それを見た青毒の蝮は赤毒の蝮を守ろうと翼の羽を使って撃ち落とす。しかし手榴弾は羽に刺された事で強く光り出して、赤く爆発してその破片が赤毒の蝮と青毒の蝮に刺さり込む。
破片が刺された場所は赤毒の蝮が右目で、青毒の蝮は右翼に深く刺されている。
赤毒の蝮と青毒の蝮は破片が深く刺された痛みで叫ぶ。
『『キシャァァァ!?』』
「よし、痛みに苦しんでいる間に一気に行くぞ!」
「「了解!」」
俺の号令に皆は答え、一気に決めに行く。
赤毒の蝮は右目が見えぬが辺り一面に毒霧を吐き出す。
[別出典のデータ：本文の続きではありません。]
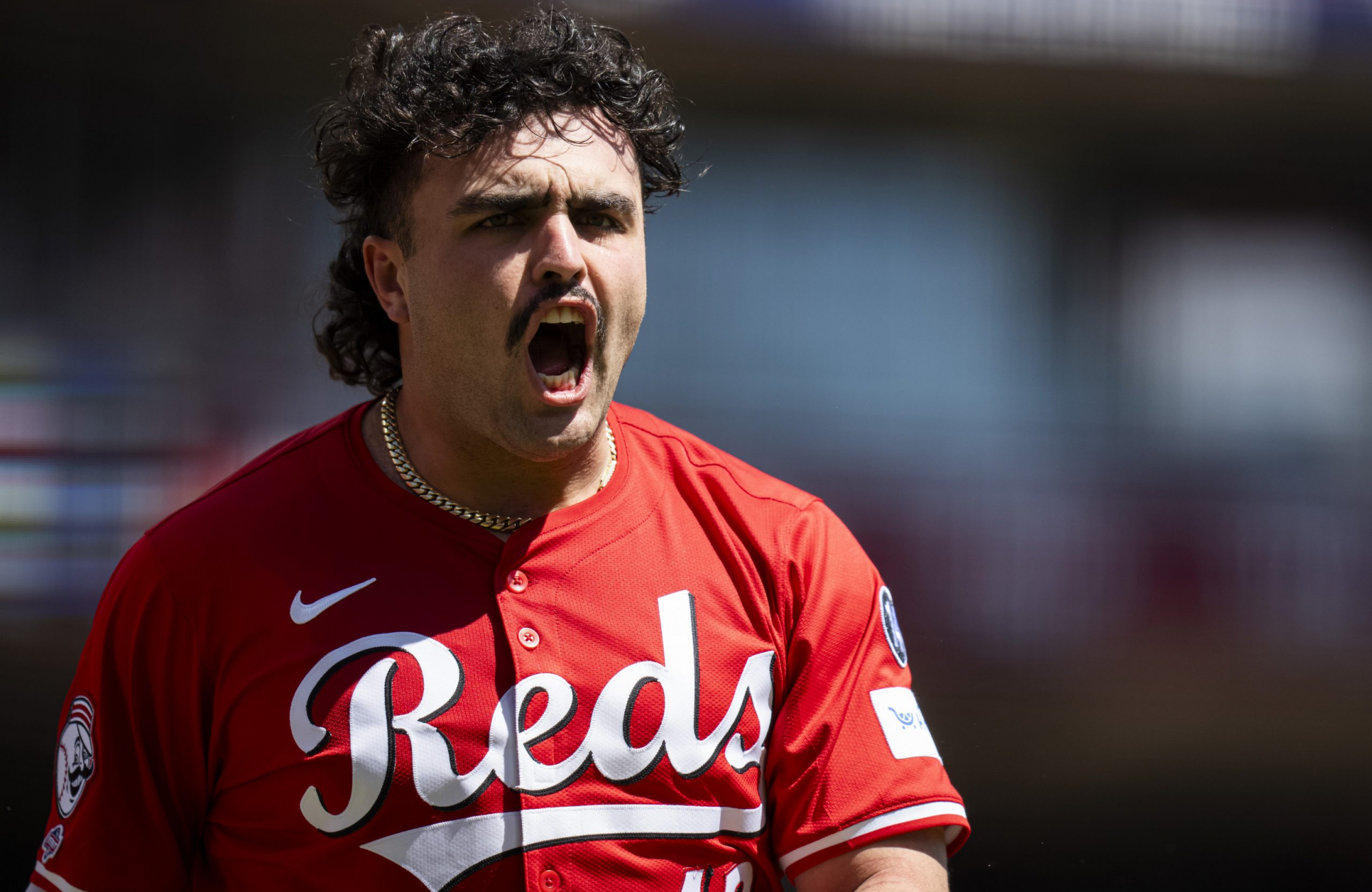 A Cincinnati Reds player in a red jersey shouts in celebration, shown in close-up with the background blurred.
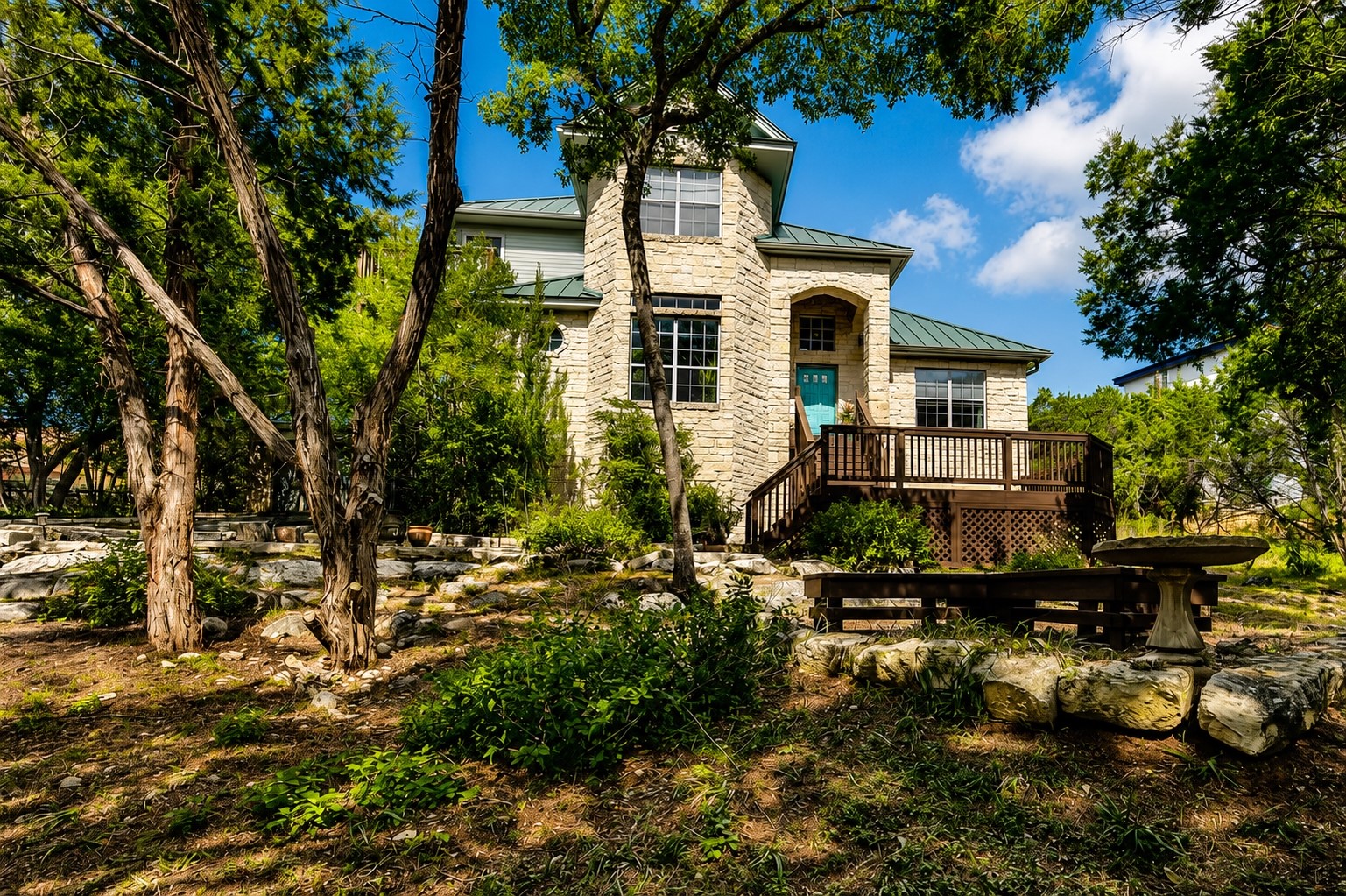 1602 Wild Basin Ledge Austin, TX 78746 - Photo 5 of 5 Stone façade residence featuring a prominent turquoise entry door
しかし吐き出そうとした瞬間、アリオンとアイリスの魔法で口元を封じられてしまう。
青毒の蝮は赤毒の蝮を助けようとすると、カインとヴィンセントの突撃銃の的にされてハチの巣になってしまう。
赤毒の蝮はこの状況を察して、急いでこの場から去ろうとする。だがエルキドゥは鎖を噴出して動きを止めたら、懐から拳銃〈Mk23〉を取り出し、狙いを定めると引き金を引く。
弾丸はそのまま赤毒の蝮の額を貫き、あおむけに倒れる。
一応解毒剤は大量に持ってきたが、それに付いては安全な所に逃げた商人達の中には毒を食らった人もいて、それを分け与えて回復させた。
商人に何が起きたか聞くとどうやら赤毒の蝮と青毒の蝮が商人を追い返し続けたらしく、俺達が倒すまで全然別の国に行ける事ができずにいた。
その話を聞いた後は少し話し合って、再びバビロニアに向かって馬車を走らせる。